Syllabus

Introduction to Numerical Analysis Software (2016 Summer)

Contents

Course Information

Lecturer: Yuan Chai

Email: chaix026@umn.edu

Office: 248E Ruttan Hall

Class schedule: Monday, August 22 through Friday, August 26, 1:00-4:00pm

Location: 220 Learning and Environmental Sciences (LES)

Objectives

This short course is designed to prepare first-year MS and PhD students in applied economics with basic numerical analysis skills using MATLAB programming language. MATLAB is a powerful software package that can accomplish a diverse range of tasks, from mathematical operations, numerical optimizations to three-dimensional imaging.

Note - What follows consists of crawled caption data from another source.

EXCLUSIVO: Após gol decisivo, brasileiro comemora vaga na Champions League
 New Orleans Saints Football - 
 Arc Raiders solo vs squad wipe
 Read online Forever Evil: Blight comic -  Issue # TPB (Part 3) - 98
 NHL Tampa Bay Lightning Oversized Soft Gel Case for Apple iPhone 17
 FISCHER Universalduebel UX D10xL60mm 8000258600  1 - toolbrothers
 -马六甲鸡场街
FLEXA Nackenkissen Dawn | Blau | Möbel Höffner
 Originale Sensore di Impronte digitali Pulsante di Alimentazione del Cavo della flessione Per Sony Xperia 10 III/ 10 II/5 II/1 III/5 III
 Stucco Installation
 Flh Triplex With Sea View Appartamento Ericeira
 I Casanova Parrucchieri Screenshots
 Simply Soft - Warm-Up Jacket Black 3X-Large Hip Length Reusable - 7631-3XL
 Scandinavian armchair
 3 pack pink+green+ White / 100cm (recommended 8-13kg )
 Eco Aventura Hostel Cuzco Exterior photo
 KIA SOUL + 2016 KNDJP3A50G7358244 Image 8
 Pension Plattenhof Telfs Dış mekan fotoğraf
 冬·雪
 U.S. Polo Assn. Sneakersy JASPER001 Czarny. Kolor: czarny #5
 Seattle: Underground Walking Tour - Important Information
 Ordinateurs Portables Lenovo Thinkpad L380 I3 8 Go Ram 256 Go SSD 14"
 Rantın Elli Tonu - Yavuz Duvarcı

This course consists both lecture notes and hands-on practice examples. Lecture notes explain programming concepts and demonstrate the use of basic functions applicable to econometric analysis. Hands-on practice problems are designed to help students familiarize themselves with programming in MATLAB, master good programming practices and perform numerical analysis on their own. Topics covered in this course include basic operations on matrics and arrays, data input/output and visualization, user-defined functions, and implementation of economics analysis methods such as linear regression, non-linear systems, and maximum likelihood estimations.

This course mainly serves as a preparation course for APEC 8211 Econometric Analysis. The objective of this course is to help students understand the basics of MATLAB and equip students with the necessary skills for their programming needs in APEC 8211 and further graduate studies.

Participation and grades

    • There is no University credit associated with this course.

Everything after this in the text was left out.